Why use cached models?

  • Faster cold starts: A “cold start” refers to the delay between when a request is received by an endpoint with no running workers and when a worker is fully “warmed up” and ready to handle the request. Using cached models can reduce cold start times to just a few seconds, even for large models.
  • Reduced costs: You aren’t billed for worker time while your model is being downloaded. This is especially impactful for large models that can take several minutes to load.
  • Accelerated deployment: You can deploy cached models instantly without waiting for external downloads or transfers.
  • Smaller container images: By decoupling models from your container image, you can create smaller, more focused images that contain only your application logic.
  • Shared across workers: Multiple workers running on the same host machine can reference the same cached model, eliminating redundant downloads and saving disk space.

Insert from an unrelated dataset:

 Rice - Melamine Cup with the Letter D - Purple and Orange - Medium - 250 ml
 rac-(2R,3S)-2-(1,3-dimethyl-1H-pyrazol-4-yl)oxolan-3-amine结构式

Cached model compatibility

Cached models work with any model hosted on Hugging Face, including:
  • Public models: Any publicly available model on Hugging Face.
  • Gated models: Models that require you to accept terms (provide a Hugging Face access token).
  • Private models: Private models your Hugging Face token has access to.
Cached models aren’t suitable if your model is private and not hosted on Hugging Face. In that case, bake it into your Docker image instead.

How it works

When you select a cached model for your endpoint, Runpod automatically tries to start your workers on hosts that already contain the selected model. If no cached host machines are available, the system delays starting your workers until the model is downloaded onto the machine where your workers will run, ensuring you still won’t be charged for the download time.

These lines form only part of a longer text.